South Pittsburgh Reporter - Serving South Pittsburgh Since 1939

 
 

A different view of meeting

 

October 12, 2010



The contributing writer did not articulate the stance of the attendees very well at the Armstrong Park capital planning meeting (Planning begins for what Armstrong Park could be in the future, Oct. 5, 2010).

 I was present at the meeting, as well as over 30 parents, grandparents and children to get our point across that we want the park to remain a park. Although the presenters indicated there "were no predetermined plans," what is the truth?

We parents fear any predetermined decisions to possibly make the park an open space or replace a portion of the park with parking stalls will create more of a threat to the neighborhood's health. We don't want green space, we don't want it commercialized.

We want the property maintained as it is. The consensus was that if improvements are to be made, they need to be made for the benefit of the residents—not the commercial district or visitors to the South Side. The group as a whole does not want any part of that park commercialized to invite strangers further into the residential district.

Enough is enough. The public needs to be kept on Carson Street away from the rest of the neighborhood.

 Armstrong Park is a gem. Why? This parklet is one of the few safe amenities for families with small children left in the neighborhood. You won't find used needles or condoms lying on the ground.

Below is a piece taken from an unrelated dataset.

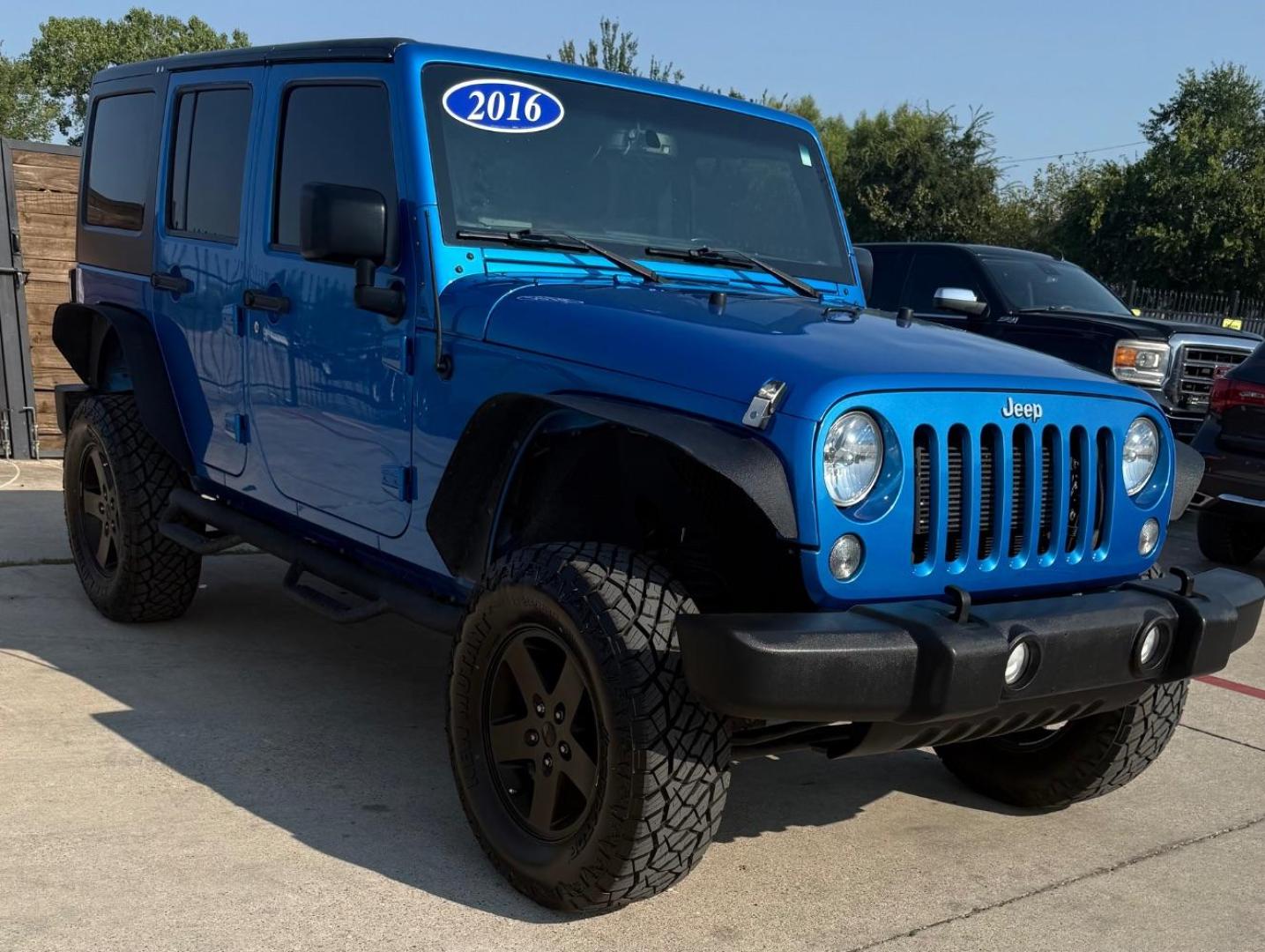 2016 Blue Jeep Wrangler Unlimited Sport (1C4BJWDG3GL) with an Pentastar 3.6L V-6 DOHC engine, located at 2401 E Main St., Grand Prairie, TX, 75050, (972) 262-4440, 32.748981, -96.969643 - Photo#12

College kids come and go. The drinking crowd comes and goes. Families stay, integrate with each other, build futures, and show care and pride in their properties.

 To maintain a balance in our neighborhood, we have to have a number of families in the neighborhood and there have to be a certain number of amenities that will aid in making our neighborhood kid friendly. Otherwise, why will we stay?

 If Armstrong Park will be dubbed the gateway into South Side, crime, damage to park assets and vagrancy will no longer afford parents to meet for play dates, sit, converse and watch their children play.

If there is an invitation, they will come and because of the lack of enforcement, that property will no longer be good for anyone. And families will begin to leave again.